No parece fácil deducir de qué depende la profundidad de un recuerdo, si del efecto que produjo el hecho recordado cuando sucedió, cómo quedó impreso en la conciencia del individuo; de la cantidad de veces que, involuntariamente, el mecanismo de la memoria lo hace regresar, provocadas por sucesos aleatorios cuya concatenación oculta parece articular un patrón causal; o del efecto que produce sobre el individuo que es hoy, con independencia del significado y de la transcendencia que tuvo en su día. De hecho, cabe la posibilidad de que, tal vez, los recuerdos que han modelado progresivamente nuestra conducta, que han afectado en mayor grado a nuestra visión del mundo y a la calidad de nuestras relaciones con los demás, al sendero que hemos recorrido y a las bifurcaciones que, en cada momento, hemos tomado, al tipo de personas que hemos amado, sean los recuerdos ocultos, aquellos de cuya existencia no somos ni siquiera conscientes, que se agazapan en los pliegues subrepticios del pasado, inaccesibles a la memoria.
«Este libro o, mejor dicho, estas páginas, me recuerdan unas pequeñas cintas matamoscas colgadas de las lámparas o las vigas. Eran unas cintas amarillas. Volando al azar, una mosca tocaba con las alas la liga amarilla. Allí quedaba pegada, y moría de un modo prodigiosamente lento. Emitía un zumbido considerable, teniendo en cuenta su tamaño. Otras moscas evolucionaban a su alrededor. Ya no existen esas cintas. De niño, cuando tenía una mosca atrapada en mi puño cerrado, aquella presencia seca, hormigueante, zumbante y cosquilleante me impulsaba en seguida a abrir la mano. Para mí, esa imagen de la mosca con las alas secas, agitándose desesperadamente, esa presencia cosquilleante, es el deseo. Pero el deseo había desaparecido».
A veces, la significación o la potencia de un recuerdo puede convertirlo en una pesadilla, hacerlo presente con la insistencia de lo inevitable o, simplemente, mezclarlo con los sueños hasta el punto de que el individuo no pueda distinguir entre lo vivido y lo soñado; o, mediante un mecanismo acerca del cual solo se puede especular, confundir el deseo con el delirio, el dolor con la culpa, la pérdida con el olvido y quienes fuimos con quienes habíamos deseado ser.
«Nuestros recuerdos constituyen extraños sueños. Y nuestros olvidos y nuestras vidas constituyen una especie de extraños ríos. Sobre los minutos que vivimos, sólo quedan en suspensión extraños fragmentos. No vemos qué necesidad ha presidido la ruptura, el quebranto, el desmembramiento o el naufragio. Los libros son unos náufragos extraños».

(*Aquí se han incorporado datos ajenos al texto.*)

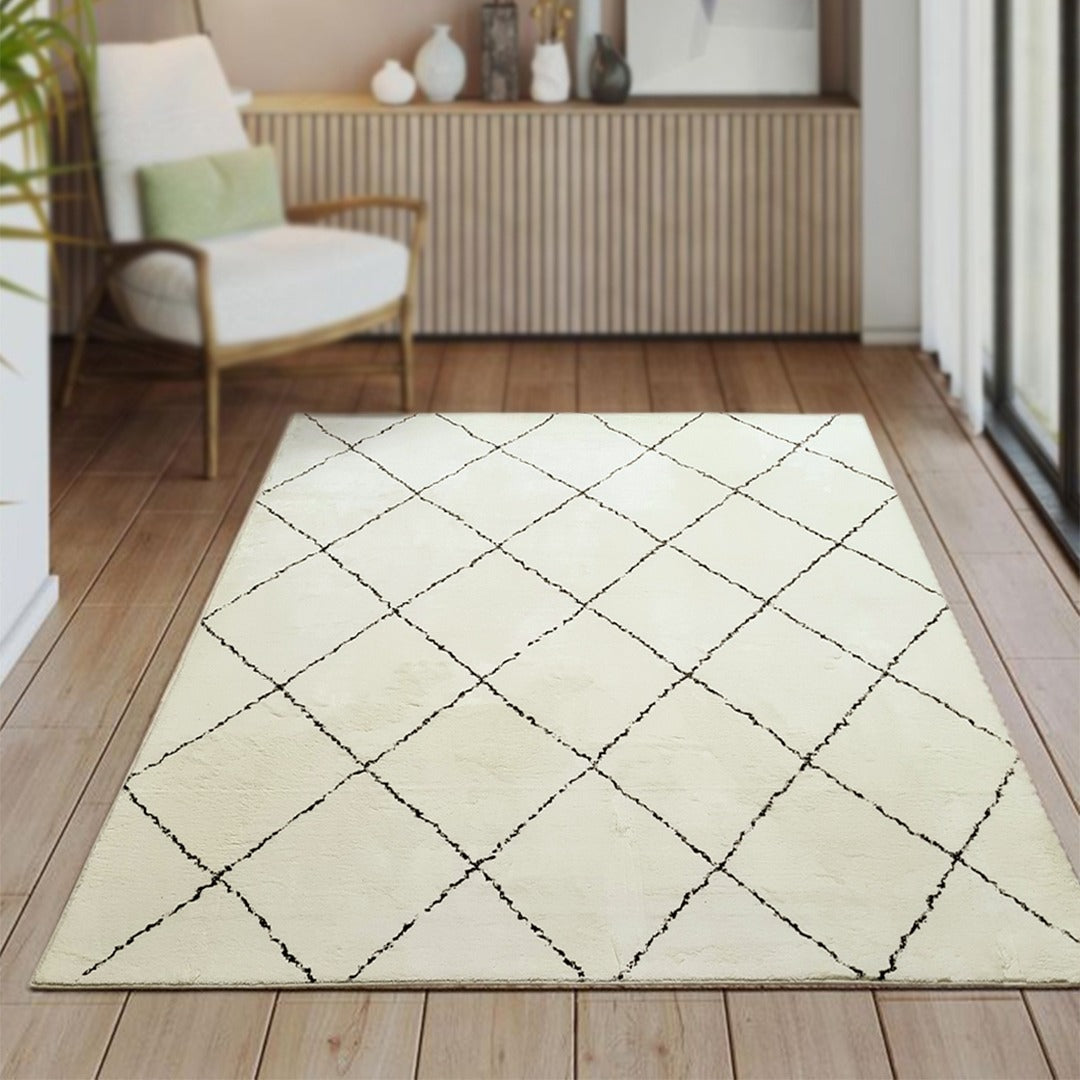 Black Lines Fur Carpet (Available in 2 sizes)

«Alimentamos la ilusión de que existe un lugar en nuestro cuerpo en el que se ha conservado algo de nuestra infancia. Un trozo de piel de la infancia. Un punto más sensible, oculto a las miradas o a la luz ordinaria, en el que la piel es más fina, una zona en la que se ha conservado la ternura, un centímetro cuadrado en el que se ha conservado algo de la piel de los recién nacidos, de sus mejillas, de sus palmas de las manos, y que permanece oculto en algún pliegue del cuerpo, casi siempre una suavidad próxima a la ingle, junto al sexo, cualquiera que este sea, y que solo pueden reconocer los labios, besándolo. Ese es el único espacio que nos queda de la casa de la infancia. Un lugar privilegiado».

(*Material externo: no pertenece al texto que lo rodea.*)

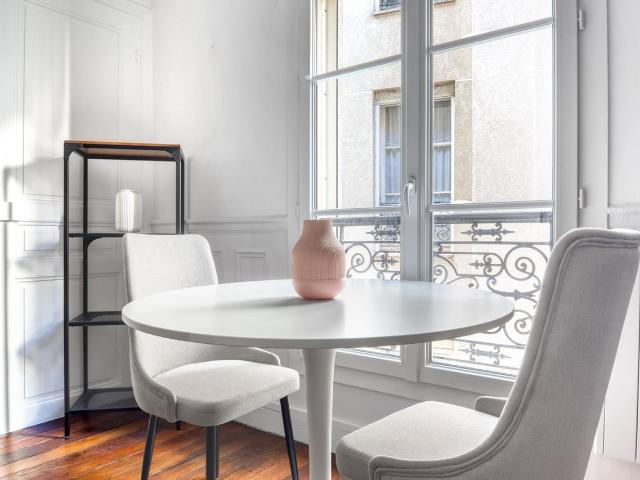 Chic One Bedroom Retreat in Paris, Paris Amsterdam Apartments for Rent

«Una de las propiedades delicadas y sádicas del tiempo ―que no tiene como efecto únicamente deprimir, sino a la vez exaltar, y dejarnos cierta curiosidad por el futuro, suponiendo que el fin del final no esté ya convenido y que todo lo que sucede, en resumidas cuentas, en el curso de una vida normal esté de hecho destinado a suscitar entusiasmo―, es añadir lo imprevisible a lo sucedido, incluso en el dolor, abrir abismos bajo los pies en lugares en los que uno no los habría imaginado, añadir limbos imprevistos, nieblas felices, una súbita carcajada, un éxito... Las ocasiones más esplendorosas en los más siniestros momentos».

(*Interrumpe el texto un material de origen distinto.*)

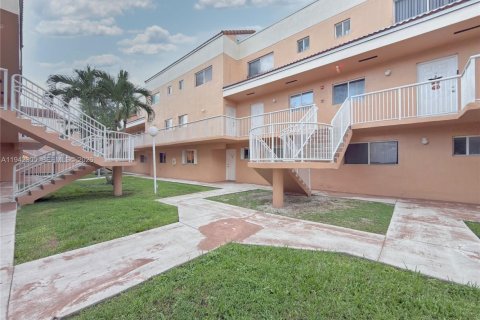 Condominio en venta en Miami, Florida, 3 dormitorios, 113.34 m2 № 2000279 - foto 10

«Los libros comparten con los niños más chiquitines y los gatos el privilegio de ser tenidos, durante horas, en la falda de los adultos. Y de manera extraordinaria, más aún que los niños, más aún que los gatos, tienen el poder de cautivar hasta el silencio la mirada de aquellos que los miran, de petrificar los miembros de su cuerpo, de subyugar los rastros de su rostro hasta darles la apariencia de la imploración muda, la apariencia de un animal al acecho, la apariencia de una plegaria incomprensible y tal vez perdida».